Expression rekombinanter Proteine ​​für Strukturbiologie in HEK 293F Suspensionszellen: eine neue und Barriere Ansatz

Die Expression rekombinanter Proteine durch Säugetiersysteme wird zu einer attraktiven Methode zur Herstellung von Proteinkomplexen für die Strukturbiologie. Hier stellen wir ein einfaches, aber hocheffizientes Expressionssystem vor, bei dem suspensionsgezüchtete Säugetierzellen zur Aufreinigung von Proteinkomplexen für Strukturstudien

Das übergeordnete Ziel des folgenden Videos ist es, eine einfache und erschwingliche Technik zur Herstellung einer guten Ausbeute an Proteinen oder Proteinkomplexen unter Verwendung eines Säugetierexpressionssystems zu demonstrieren. Dies wird durch die Kultivierung von HEC 2 93 F-Zellen in Suspension in einem befeuchteten Schüttelbrutkasten mit einer Atmosphäre erreicht, die bei 5 % Kohlendioxid gehalten wird. In einem zweiten Schritt werden die Zellen transient mit einem oder mehreren Plasmiden mit hoher Kopienzahlexpression transfiziert.

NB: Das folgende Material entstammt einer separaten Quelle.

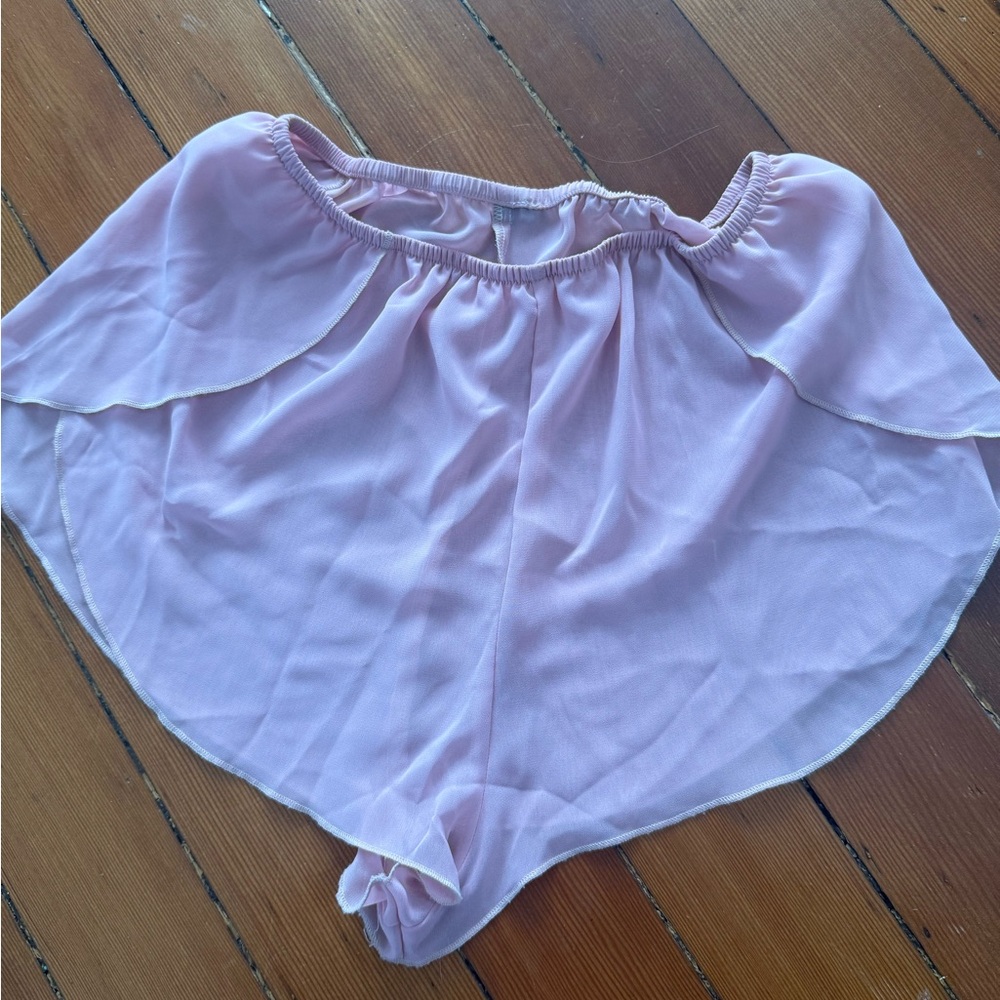 Jule dancewear mesh shorts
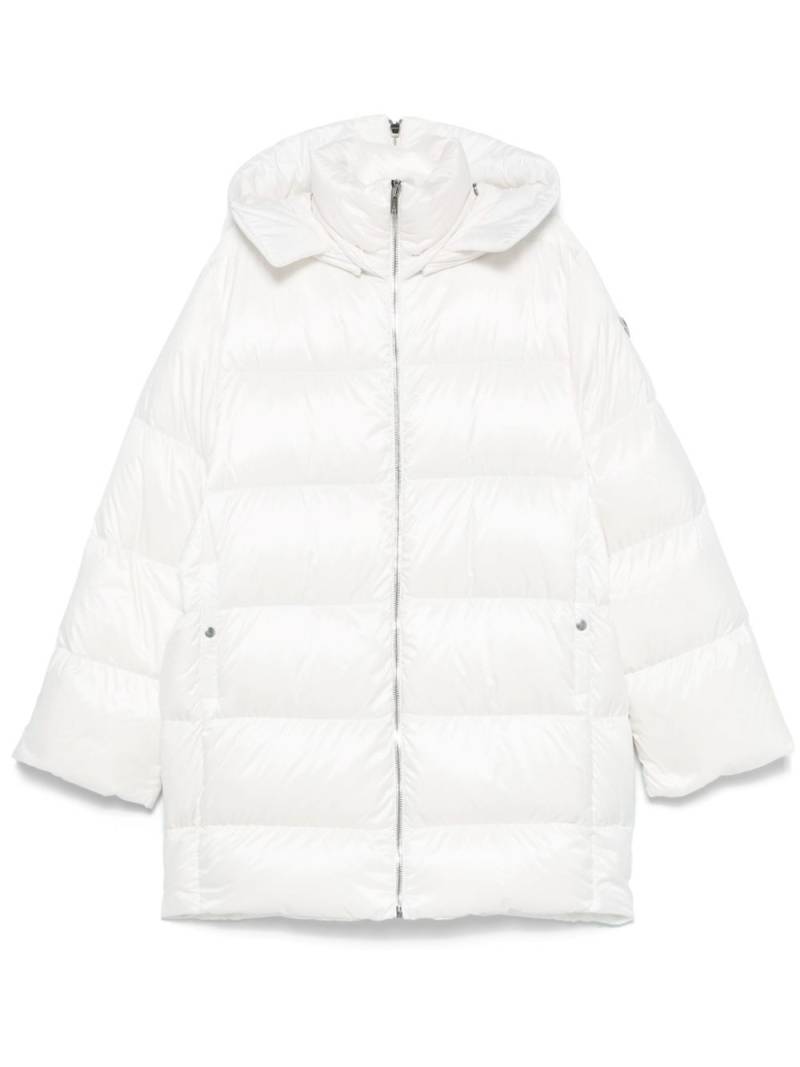 Moncler + Rick Owens Cyclopic coat - White von Moncler + Rick Owens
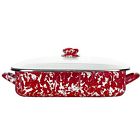 Rd15 Golden Rabbit Lasagna Pan 619199157565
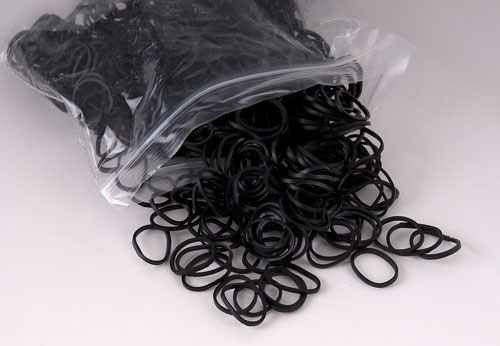 Harlequin Rubber Plaiting Bands - Top Of The Clops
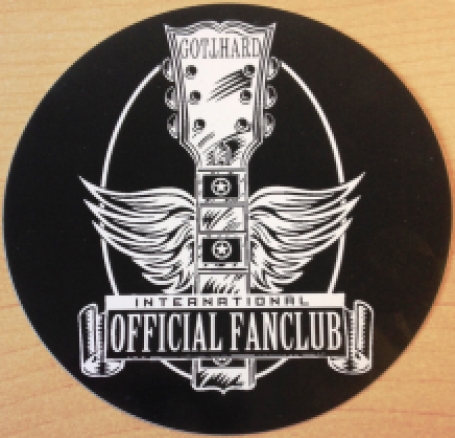 Aufkleber Fanclub Logo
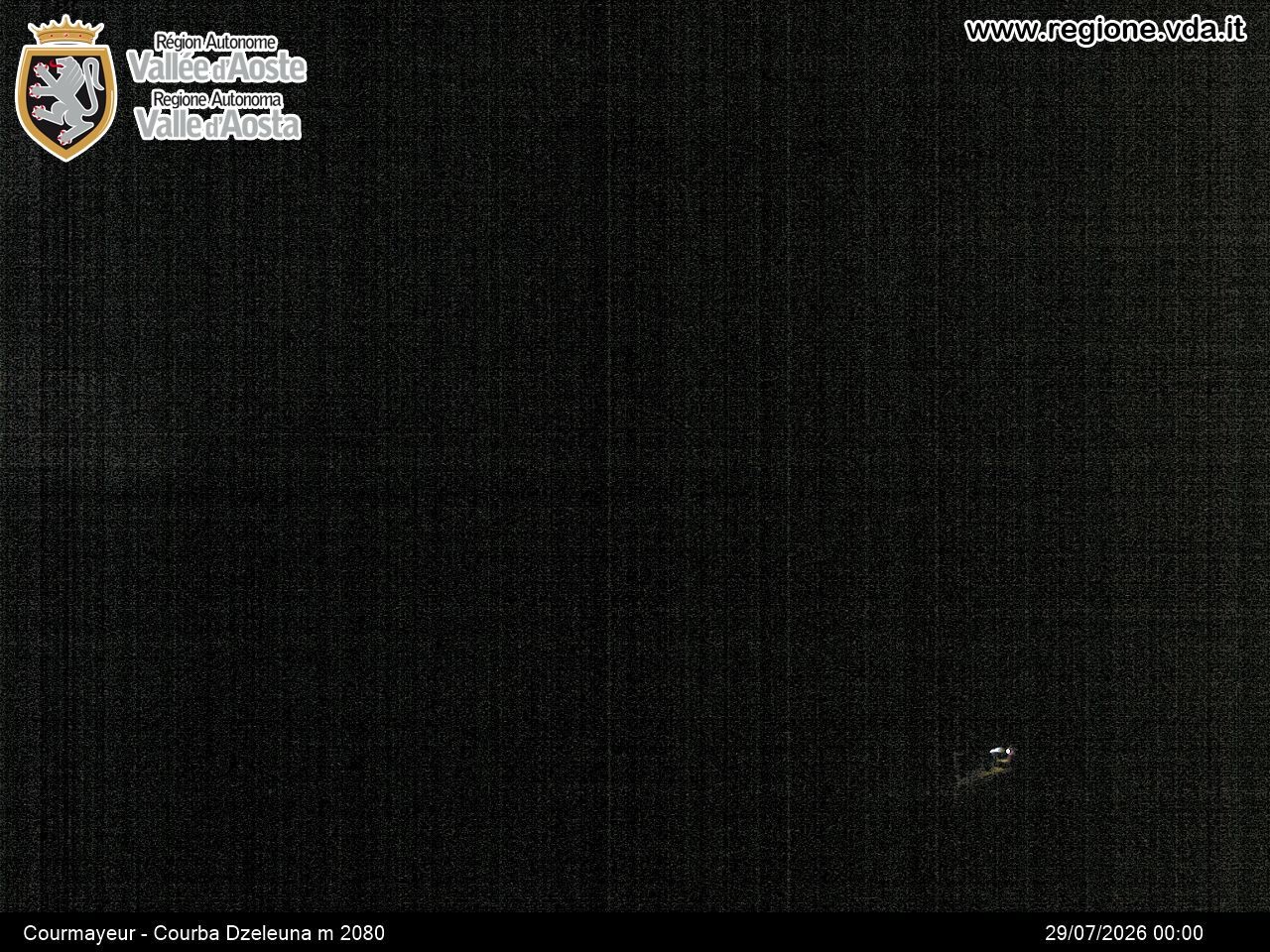 Archiv Foto Webcam Courmayeur im Aostatal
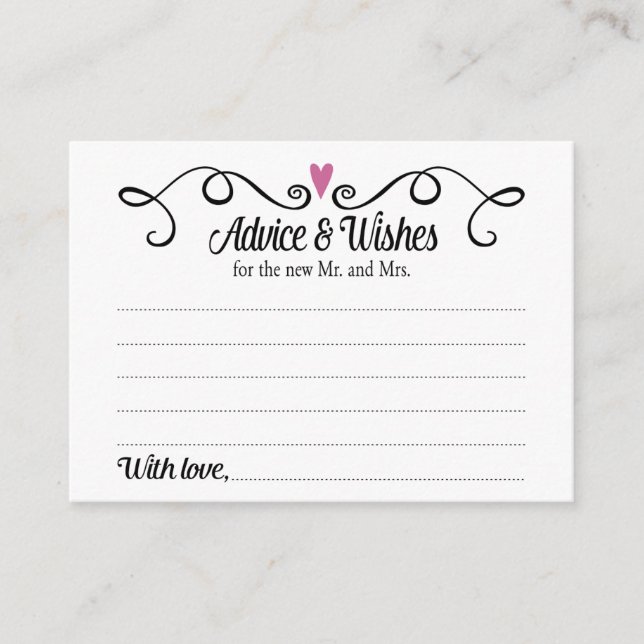 Consejos y deseos para las nuevas tarjetas de la S (Anverso)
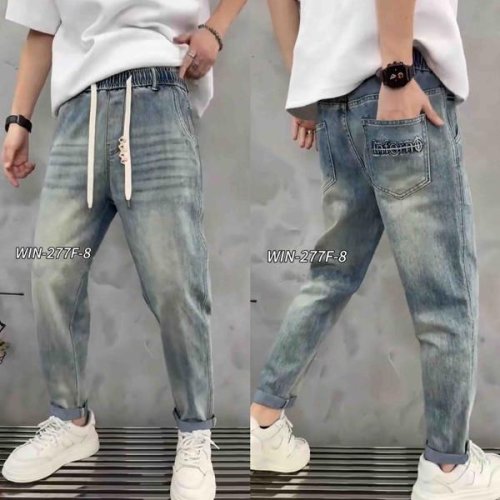 Джинсы God Baron (29-36) WIN-277F-8 blue (деми) God Baron WIN-277F-8 blue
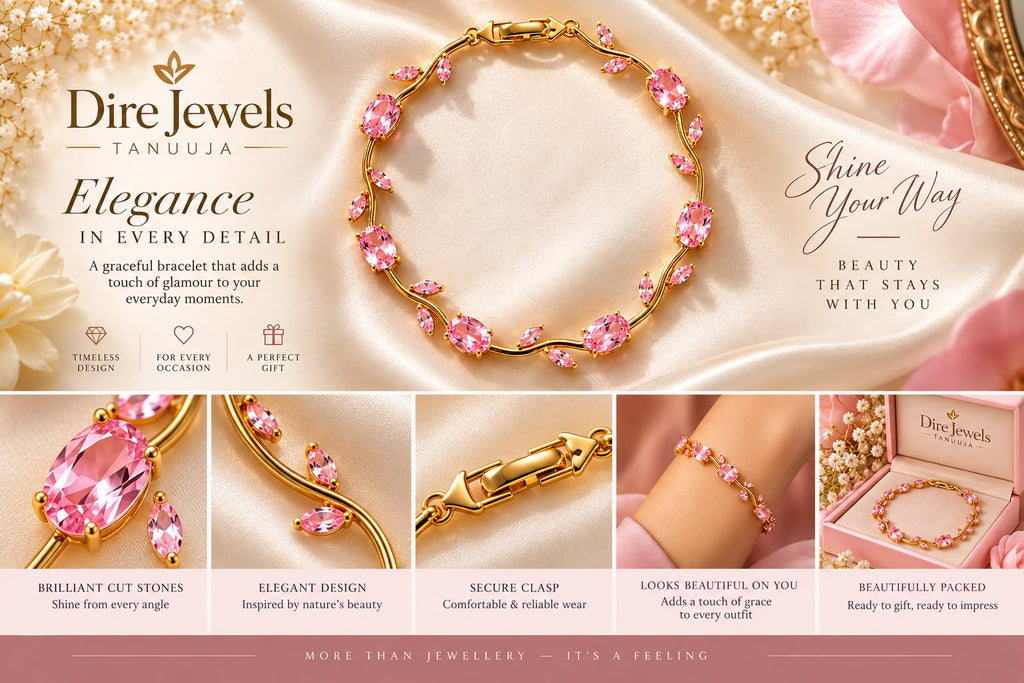 Tulip bracelet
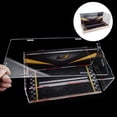 thumbnail image 4 of Vitrina de acrílico grande Yotijar con base de caja de encimera organizador soporte, 4 of 10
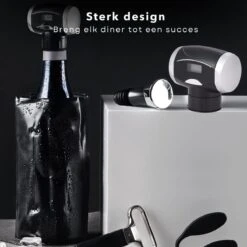 Cheqo® Bouchon à Vin Sous Vide électrique Avec Thermomètre - Pompe à Vide à Vin - Bouchon à Vin - Thermomètre à Vin - Pompe à Vin 11 Cheqo® Bouchon à Vin Sous Vide électrique Avec Thermomètre - Pompe à Vide à Vin - Bouchon à Vin - Thermomètre à Vin - Pompe à Vin -Cuisine Fournitures Magasin 1200x1200 1467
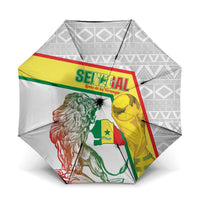 Senegal Football Umbrella 2026 Come On Lions de la Teranga - Wonder Print Shop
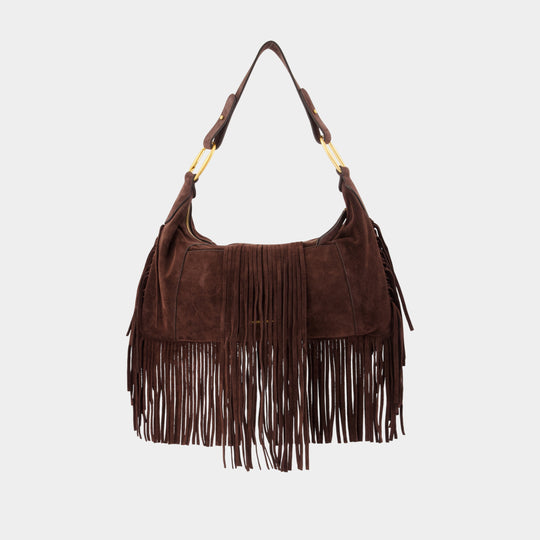 Sac Porté Épaule Mathilde - Vanessa Bruno - Cuir - Marron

Mit dem Transfektionsmittel Polyethylen EIN oder PEI wurden die Zellen vor der Ernte 48 Stunden lang wachsen gelassen. Als nächstes wird die Proteinreinigung mit Affinitätsharz durchgeführt, gefolgt von der Gelfiltration, um den interessierenden Proteinkomplex zu reinigen und strukturelle und funktionelle Studien durchzuführen. Letztendlich ermöglicht dieses erschwingliche und einfache Säugetierexpressionssystem die Expression und Reinigung von Proteinen und Proteinkomplexen, die in Bakterienzellen nur schwer zu exprimieren sind.

Der Hauptvorteil dieses Ansatzes ist seine Bequemlichkeit und Vielseitigkeit bei der Expression von Proteinkomplexen. Es ist fast so einfach wie die Herstellung von Proteinen in Bakterien, zumal man Proteinexpressionsvektoren mischen und anpassen kann. Die Methode kann zunächst in kleinem Maßstab verwendet werden, um die Expression von Proteinkompressen zu testen, aber sie ist leicht skalierbar, um eine gute Ausbeute an Proteinkompressen zu erzielen. Für strukturelle und funktionelle Studien liegt der Schlüssel zum Erfolg darin, die Zellen in einem gesunden Zustand zu halten, frei von Bakterien oder Hefeinfektionen.

Da Antibiotika in den Medien Ihre Proteinausbeute stark reduzieren. Nehmen Sie zunächst ein Kryofläschchen mit einem Milliliter HEC 2 9 3 F-Zellen mit einer Dichte von 20 Millionen Zellen pro Milliliter aus dem flüssigen Stickstoff und tauen Sie es schnell in einem 37 Grad Celsius warmen Wasserbad auf. Brechen Sie alle Klumpen auf, indem Sie einige Male auf und ab pipettieren und pipettieren Sie den gesamten Inhalt in einen konischen 250-Milliliter-Zellkulturkolben mit 34 Millilitern Vorwärmmedium.

Stellen Sie die Kultur nach 48 Stunden in einen befeuchteten orbitalen Schüttelinkubator bei 37 Grad Celsius, 120 U/min und 5 % Kohlendioxid. Überprüfen Sie die Zellviabilität anhand von Trian Blue. Die normale Zellviabilität liegt in diesem Stadium bei etwa 70 %, wenn die Zellen eine Anzahl von etwa 1 Million Zellen pro Milliliter erreicht haben.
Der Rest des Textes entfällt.